First, a lttle background about the Culver Studios. Located in the Culver City section of Los Angeles, just south of the Santa Monica Freeway, the historic studio complex first opened in 1918. In 1924 it became the De Mille Studios, home of those movie extravaganzas of Cecil B. De Mille, and in 1928 a merger changed the name to RKO. By 1935 the studios were known as Selznick International, producing such all-time favorite flicks as King Kong, A Star Is Born, Citizen Kane, and Gone With The Wind. Its Colonial-style administration building of 1919 (photo, left) is still a striking sight, easily visible from Washington Boulevard. The giant Sony Studios (formerly M-G-M), just south of Culver Studios, were once part of the same complex and now offer studio tours. Culver Studios themselves are rented out to film makers for independent productions. Some 14 sound stages are available, ranging in size from about 3,000 to 17,000 square feet.
At that time, one of the larger stages was filled with airliner interior mockups, used for both feature films and commercials. The newest of these was a plywood-and-plastic Boeing 747, painted in TWA's brand-new color scheme and with the new logo. What was really strange about it was when you climbed the forward spiral staircase that was supposed to lead to the upstairs lounge, you walked out onto a pile of wood. There was also a Lockheed L-1011 done up the same way.

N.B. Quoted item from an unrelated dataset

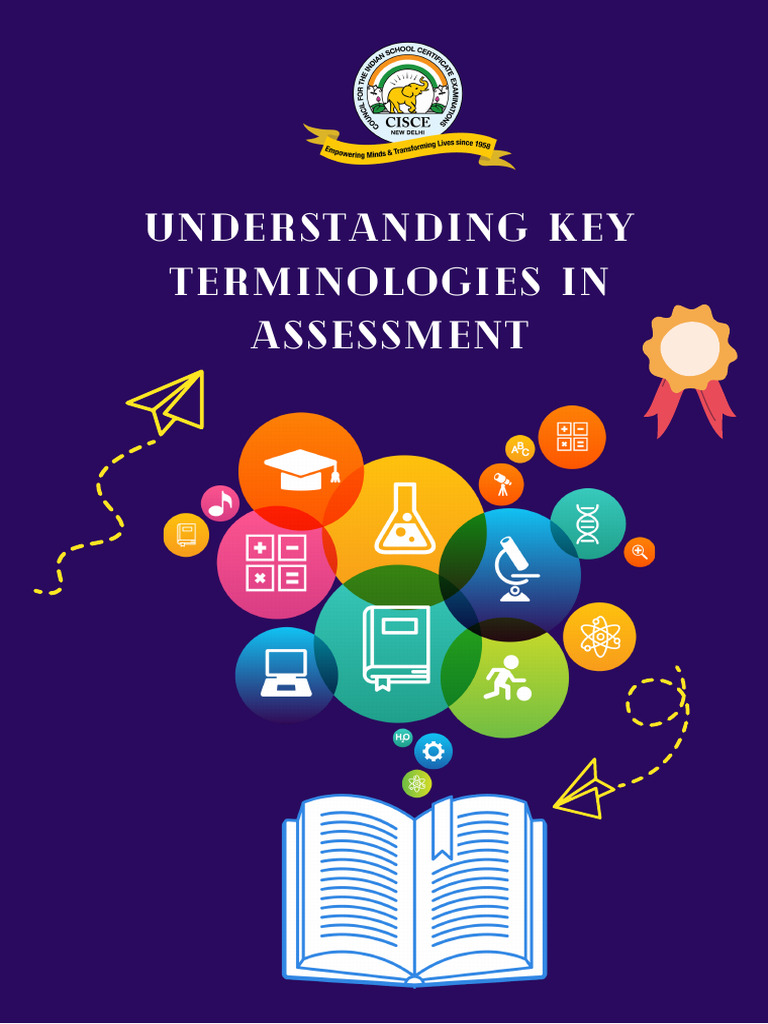 Key Terminologies in Assessment | PDF | Educational Assessment | Human ...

The interiors were actually quite convincing, as they had to be for still photography.
We flew to Los Angeles on a TWA L-1011 (photo above, with the new livery) along with the client and an art director, and checked into a Culver City hotel. Along with our cameras and lenses we also brought our own Balcar studio strobe lights as this is what was needed for the slow Kodachrome film we used — movies and TV employ tungsten lighting that would have been be useless to us. On a union set — which this most definitely was — we could not touch our own lights, let alone plug them in. This all had to be done through a hierarchy of union grips; we had to tell the foreman what we wanted done, then he had a grip do it. I could have done this myself with one hand in about two seconds. Oh well, it keeps people employed. How thankful I was that the still photography industry in New York was not unionized. At least we could handle our own cameras!
We had a dressing room set up for the models, who were local TWA employees recruited for their fleeting moment of fame. Once dressed, they were positioned inside the cabin mockup, and we had some wall segments removed to make way for the lights and cameras. This is the way they do it in Hollywood. The proceedings took all day, and then began the night work.
It seems that as of that day, only one actual TWA plane had been repainted with the new color scheme. And that one aircraft — a 747 — was landing that very night at Los Angeles LAX, but had to leave early the next morning. We could get pictures inside it that just could not be done in the sound stage mockup. But it was already dark, and they wanted sunlight streaming in the windows. How to work this?
Liberating a pile of white bedsheets from our hotel rooms, we headed down to the airport. I then climbed up on the wing of this 747 and, using gaffer tape, spread the bedsheets over the outside of the windows in the section over the wing. This would diffuse the bright strobe lights that I positioned outside on the wing. Then photography on the inside could begin. The first Polaroids (used to check the lighting and exposure) showed that everything was working just fine, and the finished photos actually looked like they were taken on a sunny day high above the clouds.
One last job, around 6 a.m., was a photo of people checking in at the terminal. After that, we went back to the hotel (with the purloined bedsheets) for a well-deserved snooze. And then back to New York.
A few days later this same plane made a visit to New York's JFK airport during daylight hours, so we rushed out there to do exterior photography on the tarmac. Within a week or so another plane, an L-1011, had been redecorated and was briefly available at Newark's EWR airport, so we finished the whole assignment there.